Phase-transition properties of glycerol–dipalmitate lipid bilayers investigated using molecular dynamics simulation

Abstract

The phase- and phase-transition properties of glycerol–dipalmitate (GDP) bilayer patches are investigated using molecular dynamics simulations. This permits to characterize the influence of introducing a second aliphatic lipid tail by comparison to previously reported simulations of glycerol-1-monopalmitate (GMP).
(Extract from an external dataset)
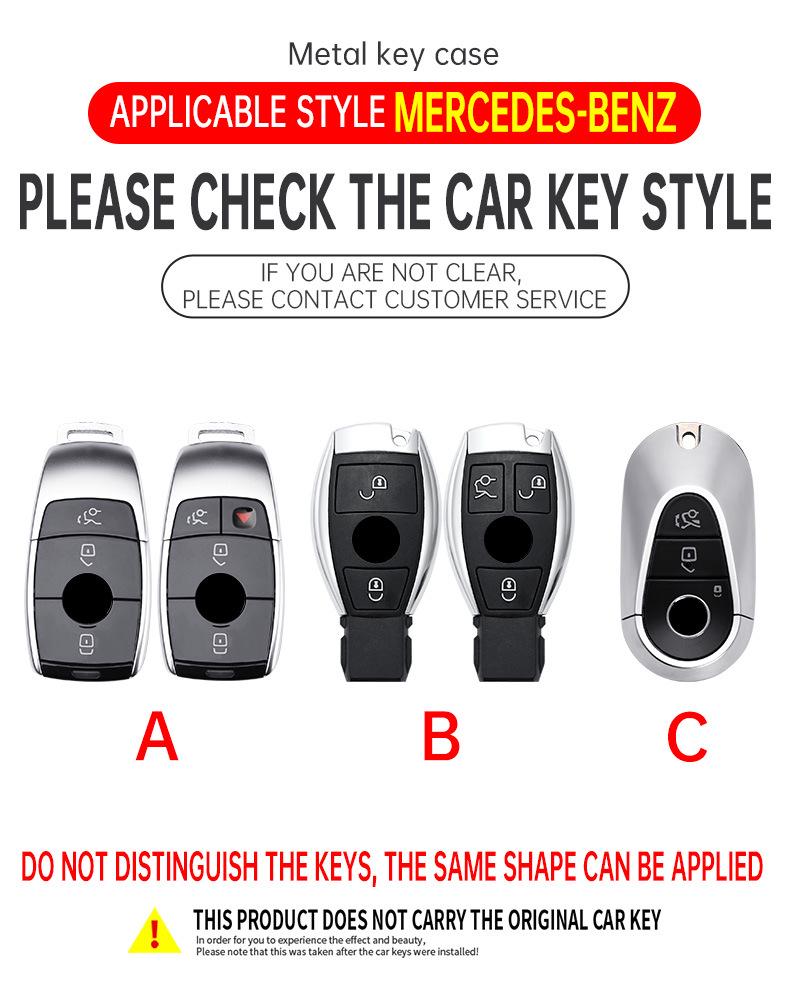 Compatible with Mercedes-Benz key covers: E300L, E260, C260L, GLB200, GLC300L, S-Class, GLE350.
To this purpose, a set of 67 simulations (up to 300ns duration) of 2×8×8GDP bilayer patches are performed, considering the two GDP isomers glycerol-1,3-dipalmitate (13GDP) and glycerol-1,2-dipalmitate (12GDP; racemic), two hydration levels (12GDP only), and temperatures in the range 250–370K. In agreement with experiment, the GDP simulations reveal an increase in the main transition temperature by about 25K relative to GMP, and the occurrence of non-bilayer phases at high temperatures (inverted-cylinder or stacked phases). Structurally, the GDP system tends to evidence a tighter packing of the chains, a reduced extent of tilting, increased order parameters and a reduced fluidity. These differences are easily interpreted in terms of two key changes in molecular properties when going from GMP to GDP: (i) the reduction of the headgroup polarity and hydration (from two free hydroxyl groups to a single one); (ii) the increase in the effective tail cross-section relative to the (hydrated) headgroup cross-section, conferring to GDP a particular wedge shape. These two effects contribute to the relative instability of the liquid-crystalline phase, the stability being recovered in nature when the diglyceride headgroup is functionalized by a bulky or/and polar substituent.